Older adults’ low adoption of healthcare robots indicates that their lived processes of acceptance remain insufficiently understood. This gap is not merely technical but also ethical, involving questions of dignity, relational integrity, and autonomy in later life. This study aimed to develop a theory-grounded framework of how older adults pragmatically evaluate healthcare robots in home-based aging contexts, with particular attention to the ethical and relational considerations shaping their acceptance decisions.

Methods

We applied Computational Grounded Theory (CGT) to 16 in-depth interviews with community-dwelling older adults in Shanghai, China. Data collection continued until thematic saturation was reached. Data analysis followed a three-stage CGT procedure: (1) LDA topic modeling for initial pattern detection; (2) constant comparative analysis for thematic refinement; (3) Word2Vec-based semantic analysis for category-level coherence assessment.

Results

Six themes emerged, converging into a model of pragmatic acceptance: acceptance is not a stable preference but a conditional stance triggered by anticipated self-care decline. Older adults consistently positioned robots as intergenerational supplements—not replacements—for family care, prioritizing preservation of filial bonds while offloading instrumental burdens. Acceptance was shaped by tensions between utility and interpersonal warmth, and further conditioned by perceived control, trust in human agents (e.g., children), and core ethical concerns regarding dignity and autonomy.

Conclusions

This framework shifts focus from technology-centric models (e.g., TAM) to a care-centered, culturally-embedded process.

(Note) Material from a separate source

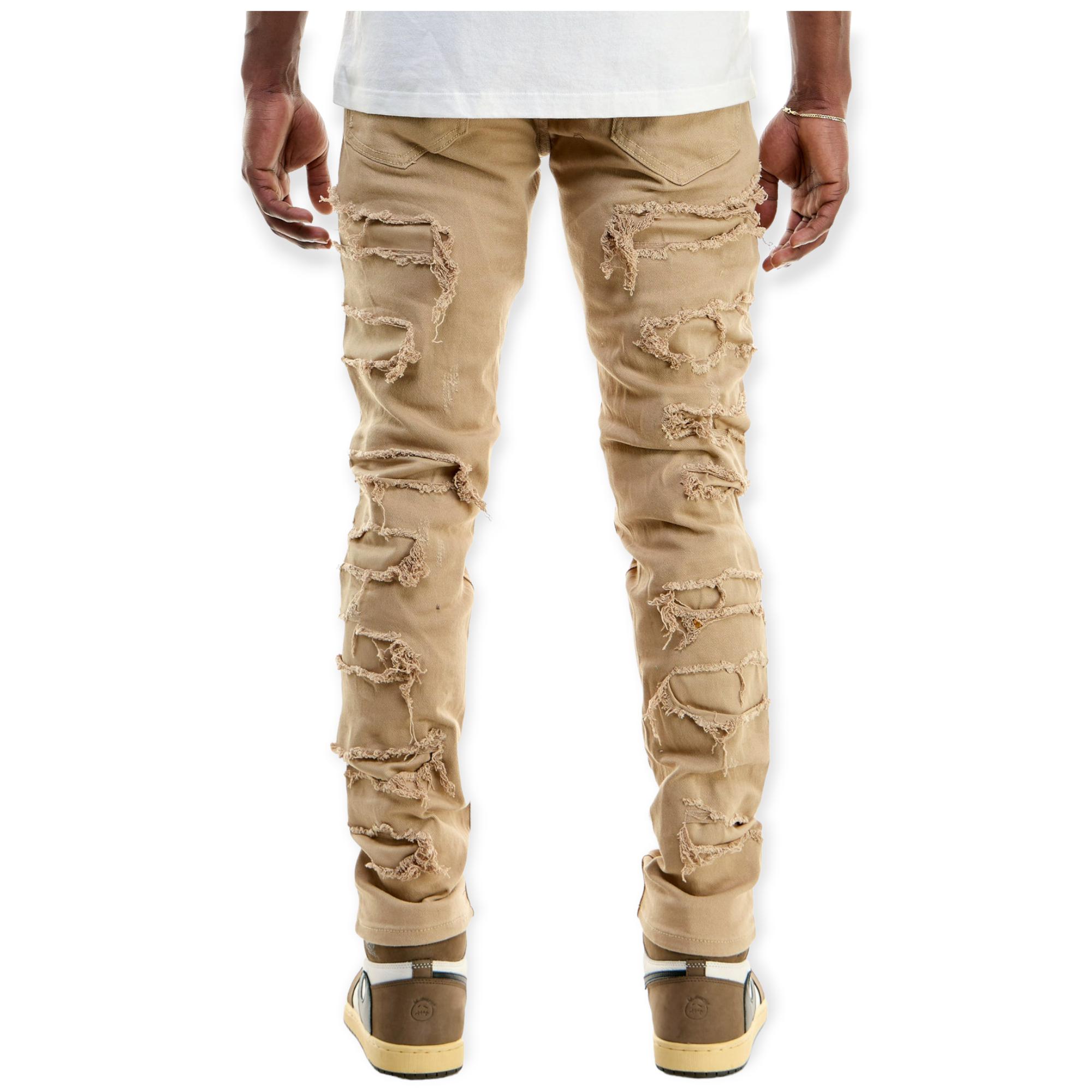 KDNK Men Complex Pants Jeans (Khaki)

By integrating self-care theory, culturally embedded care ethics, and technology acceptance, it provides an explanatory lens that goes beyond a narrow usefulness-trust paradigm. It reveals that ethical acceptability—not functional performance—is the ultimate gatekeeper of robot integration in intimate care settings. For designers, it supports avoiding anthropomorphism that implies substitution of children; for policymakers, it advocates family-technology collaborative care models. In the present study, the CGT approach incorporated computational tools within a researcher-led interpretive process to assist pattern detection and provide clearer documentation of analytic steps.